Au Cameroun, la longévité au pouvoir du président Paul Biya, 92 ans, pose depuis des années la question de sa succession. Dans les salons de Yaoundé, dans la presse et sur les réseaux, un scénario revient avec insistance : un duel d’influence entre Franck Biya, le fils du chef de l’État, et Chantal Biya, son épouse. Réalité politique ou fantasme collectif ? Entre rumeurs et stratégies d’appareil, la “guerre de succession” est déjà engagée dans les esprits, sinon dans les institutions.
Un pouvoir sans dauphin officiel, un vide qui s’emplit de spéculations
Depuis 1982, Paul Biya règne sans désigner de successeur constitutionnel. Le RDPC, parti au pouvoir, n’a pas non plus de mécanisme de désignation transparent. Ce vide institutionnel est fatal : il transforme chaque membre de l’entourage présidentiel en acteur potentiel. Dans ce jeu, deux figures monopolisent l’attention. D’un côté Franck Biya, discret mais de plus en plus visible lors de cérémonies officielles. De l’autre Chantal Biya, Première dame influente, très présente dans le champ social et médiatique.
L’absence de règles claires fait du Palais d’Etoudi un échiquier où chaque geste est décrypté comme un signal.
Deux légitimités, deux réseaux, deux visions ? La réflexion s’organise autour de deux types de légitimité qui s’affrontent sans jamais se nommer :
1. La légitimité du sang: Franck Biya incarne la continuité familiale. Dans plusieurs systèmes politiques africains, le “fils de” bénéficie d’un capital de proximité et de loyauté auprès d’une partie de l’appareil. Ses apparitions publiques sont analysées comme des tests d’acceptabilité.
2. La légitimité de l’influence: Chantal Biya s’appuie sur un réseau social, humanitaire et médiatique bâti depuis des décennies. La Première dame dispose d’une visibilité et d’une capacité de mobilisation que peu de ministres peuvent égaler. Elle incarne une forme de pouvoir parallèle, soft power, mais réel.
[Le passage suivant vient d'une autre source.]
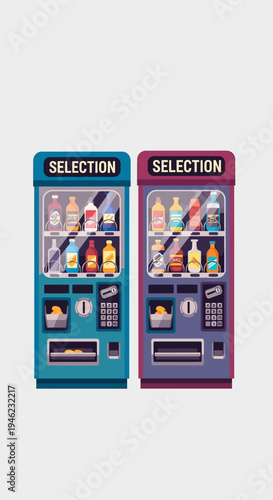 Two Colorful Vending Machines with Assorted Drinks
Entre ces deux pôles, les clans se recomposent. Les barons du RDPC, l’armée, les milieux d’affaires, la diaspora : chacun jauge, anticipe, parie. D’où la métaphore d’une “guerre impitoyable”, non pas de chars, mais d’influence.
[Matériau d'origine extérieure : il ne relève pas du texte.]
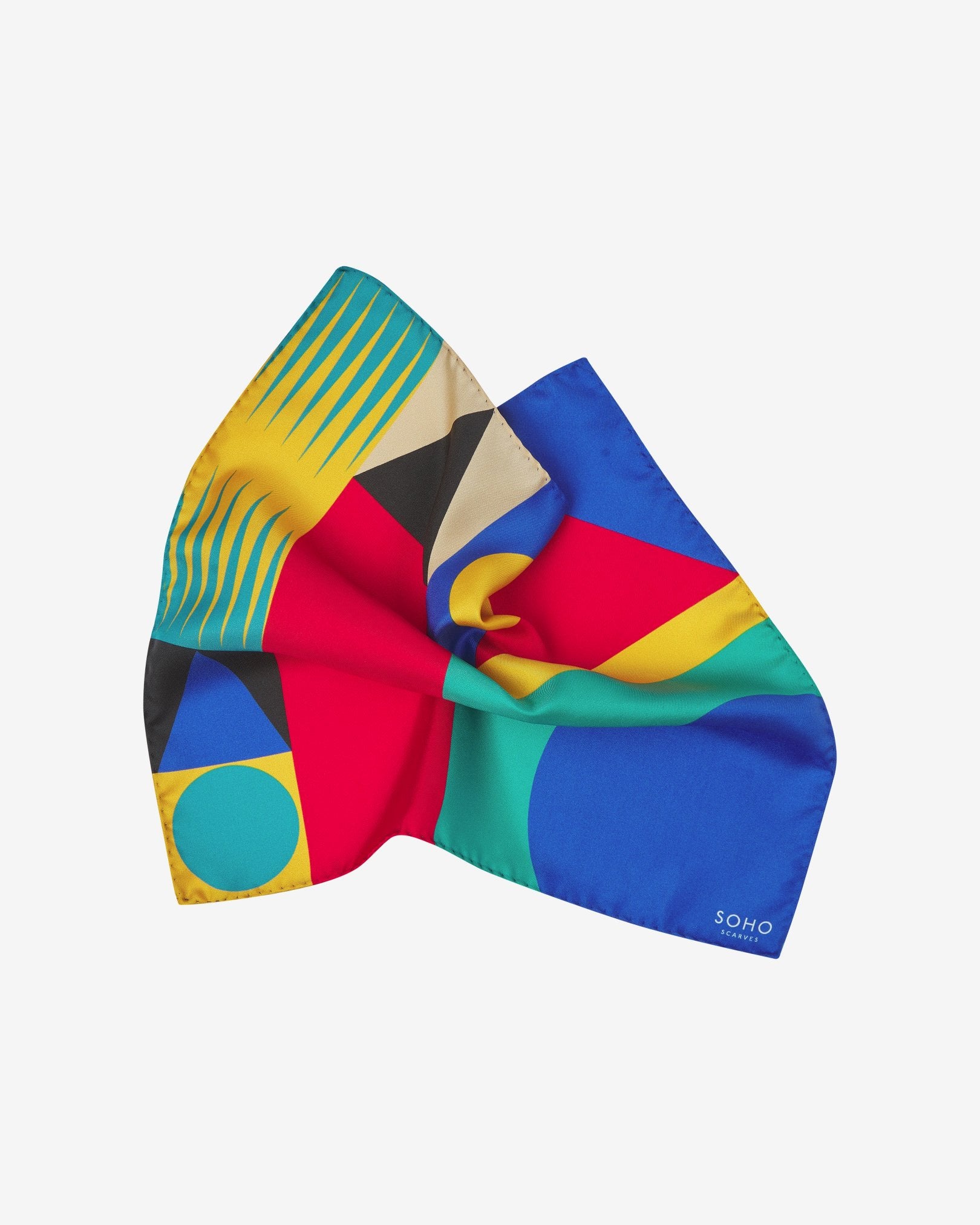 The 'Munich' pocket square pinched and twisted in the middle, showing the multi-coloured pattern combining many familiar Bauhaus-inspired forms.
Le danger : quand la succession devient le sujet avant le projet
Le vrai risque pour le Cameroun n’est pas que des ambitions s’expriment. C’est que la succession éclipse la gouvernance. Quand tout le jeu politique se résume à “après-Biya, qui ?”, trois effets se produisent :
1. Paralysie des réformes: Les décisions sont gelées par peur de déplaire à tel ou tel camp.
2. Fragmentation des élites : Au lieu de débattre de programme, on spécule sur les alliances.
3. Montée de l’incertitude: Les investisseurs, les partenaires, les citoyens attendent. Et un pays qui attend s’essouffle.
Proverbe bassa : « Quand les chefs se disputent l’héritage, le champ reste en friche. » Rendre la succession à la Constitution
Il n’existe pas de “succession naturelle” en démocratie. Il n’y a que des règles. La Constitution camerounaise prévoit l’intérim du président du Sénat en cas de vacance. C’est elle, et elle seule, qui doit encadrer l’après-Biya.
Tant que le débat restera centré sur des personnes, Franck ou Chantal, le pays s’enlise. Le jour où il se recentrera sur des institutions, des procédures et un projet, le Cameroun sortira de cette guerre d’ombres.
La question n’est donc pas “Franck ou Chantal ?”. La vraie question est : “Le Cameroun ou les clans ?”.
Et la réponse ne peut venir que des urnes, de la loi, et de la maturité collective.